8. CHROMATIN VS CHROMOSOMES
When a cell is not dividing (during interphase) DNA is chromatin
(looks like spaghetti
When a cell is dividing (mitosis) DNA is chromosomes

9. CELL DIVISION
DNA replicates (makes copies of itself) before cell division
Centromere holds the two copies called sister chromatids.
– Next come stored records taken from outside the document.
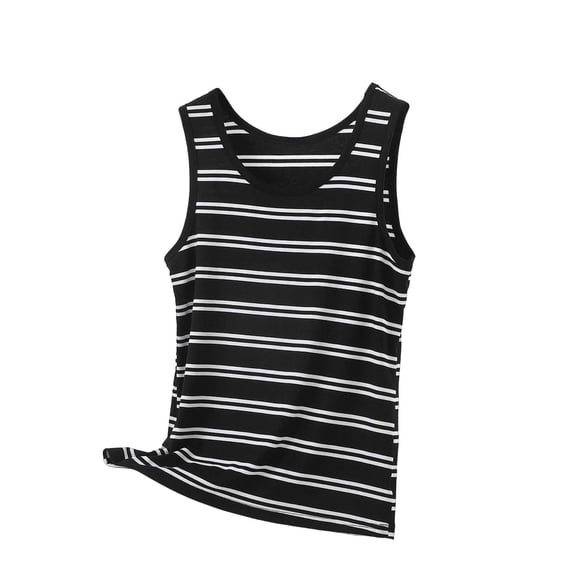 Fewfanhot Women's Striped Tank Top, Crew Neck Ringer Style Sleeveless Blouse, Casual Loose Fit Camisole, S-5XL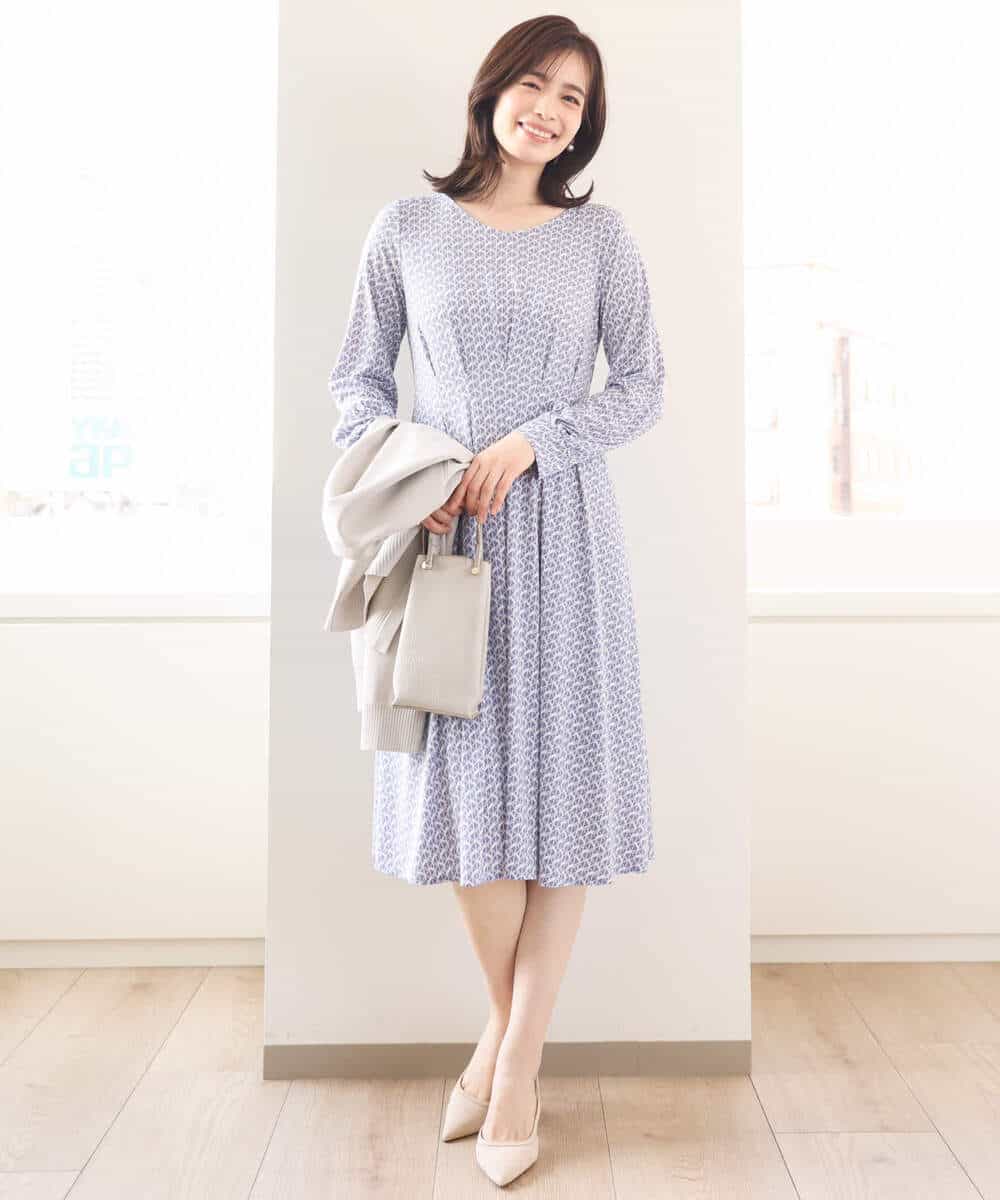 ジオメトリックプリントジャージワンピース/洗える/WEB限定サイズあり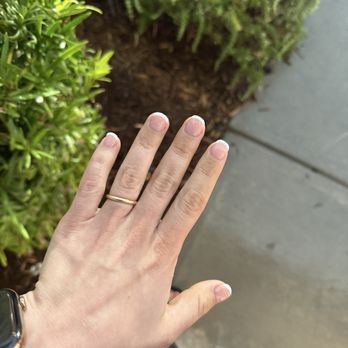 Stella Nails - Dip manicure with French tips - Nail Salons Near Me - Summerville, South Carolina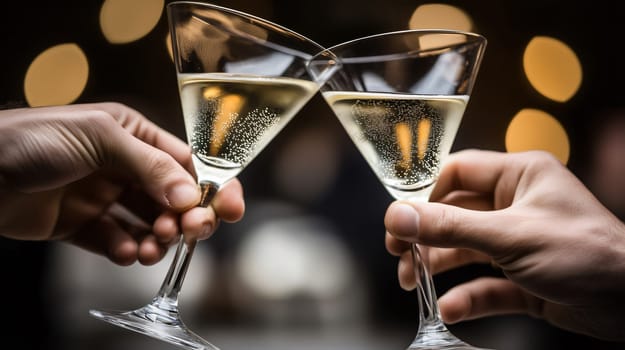 Two businessmen are clinking glasses of champagne while celebrating business success in a bar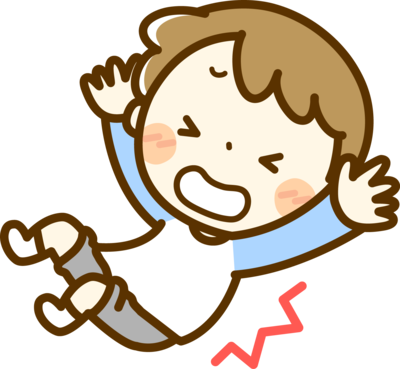 しりもちをつく男の子
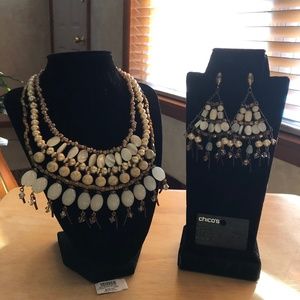 Chico’s Statement Necklace and Matching Earrings NWT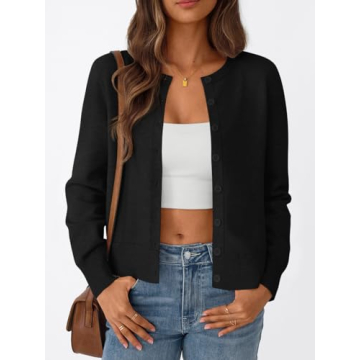 Trendy Queen Women’s Cardigan Sweaters Lightweight Crew Neck Outfits for Fall Fashion 2025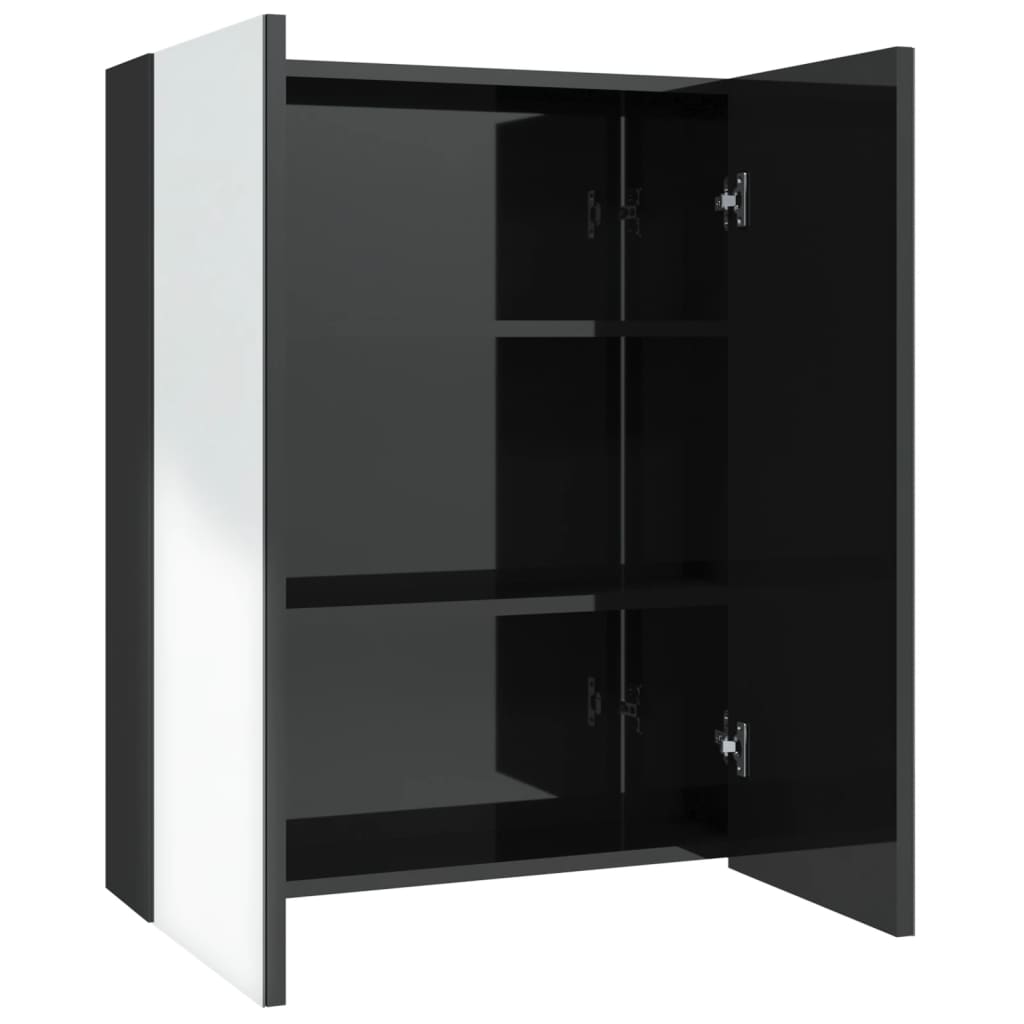 fényes fekete MDF tükrös fürdőszobaszekrény 60 x 15 x 75 cm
They are
together until they separate in anaphase.

10. BINARY FISSION
Asexual reproduction
Two genetically identical cells result

11. CELL DIVISION IN EUKARYOTES
The trillions of cells that make up your body came from just one
original cell called a zygote (fertilized egg)

12. CELL CYCLE
The series of events that cells go through as they grow and divide
During the cell cycle:
A cell grow and undergoes normal cell processes
Prepares for cell division
Divides to form two daughter cells, each of which begins the
cycle again
The cell cycle consists of 4 phases
G1 (first gap phase)
S Phase (synthesis)
G2 (second gap phase)
M Phase (mitosis)

14. INTERPHASE
Period of growth between cell divisions
Longest phase in the cell cycle
DNA replicates during interphase
During G1, the cell:
Increases in size
Synthesizes new proteins and organelles
During the S Phase, the cell:
Chromosomes are replicated
During G2, the cell:
Organelles and molecules required for cell division are
produced
Once G2 is complete, the cell is ready to start the M phase -
Mitosis

15. IMPORTANT CELL STRUCTURES
INVOLVED IN MITOSIS
Chromatid: each strand of a duplicated chromosome
Centromere: the area where each pair of chromatids is joined
Centrioles: tiny structures located in the cytoplasm of animal cells
that help organize the spindle
Spindle: a fanlike microtubule structure that helps separate the
chromatids

16. MITOSIS
PMAT
P: prophase
M: metaphase
A: anaphase
T: telophase

17. PROPHASE
Chromatin coils up into chromosomes
Nucleolus and nuclear membrane disappear
Centrioles (in animal cells) move to opposite ends of the cell to set up
the spindle
DNA strands attach to the spindle at a point called the centromere

18. METAPHASE
Chromosomes move to the center of the cell
The spindle fibers connect to the centromere of each chromosome to
the two poles of the spindle
Chromosomes meet in the middle

19. ANAPHASE
Centromeres split, sister chromatids separate
Now called daughter chromosomes

20. TELOPHASE
Opposite of prophase
Spindle disappears
Chromosomes uncoil to chromatin
Nuclear membrane and nucleolus reform
Cytokinesis (division of the cytoplasm) begins
Mitosis is the division of the nucleus

21. CYTOKINESIS
Animal cells: cell membrane pinches in
Plant cells: cell plate forms (becomes new cell)

22. HOW IS THE CELL CYCLE
CONTROLLED?
Regulatory proteins control cell growth and division
Examples:
Cyclins in eukaryotic cells (internal regulator: something within
the cell has triggered it to divide)
Growth factor that stimulate growth and repair (external
regulator: something outside of the cell triggered the cell to
divide)

23. APOPTOSIS
A process of programmed cell death
Plays a role in development by shaping the structure of tissues and
organs in the plants and animals.

24. CANCER
Cancer: mitosis out of control
Often occurs when regulatory proteins do not function correctly
Mass of cells can result called a tumor

25. TYPES OF TUMORS
Benign: not cancerous (cannot spread to other tissues)
Malignant: cancerous (can spread to other tissues)

26. WHAT CAUSES CANCER?
Mutations (changes) in DNA

27. WHAT CAUSES MUTATIONS THAT
CAN LEAD TO CANCER?
Chemicals (tobacco, asbestos)
Radiation (x-rays, ultraviolet light)
Viruses

28. CELL DIFFERENTIATION
Your body has over 200 different types of cells
The DNA in every cell is the same
Ho do cells become different from each other?
Only a certain set of genes is actively making proteins in each
cell

29. STEM CELL
Totipotent: cells that have not turned off any genes (DNA) yet
Able to become whatever cell is needed
Stem cells
Fertilized egg (zygote) is totipotent

30. PLURIPOTENT
Cells where some genes have turned off
Can develop into most (but not all) of the body’s cell types

31. MULTIPOTENT
Adult stem cells can develop into may types of cells but not as many
as pluripotent embryonic stem cells.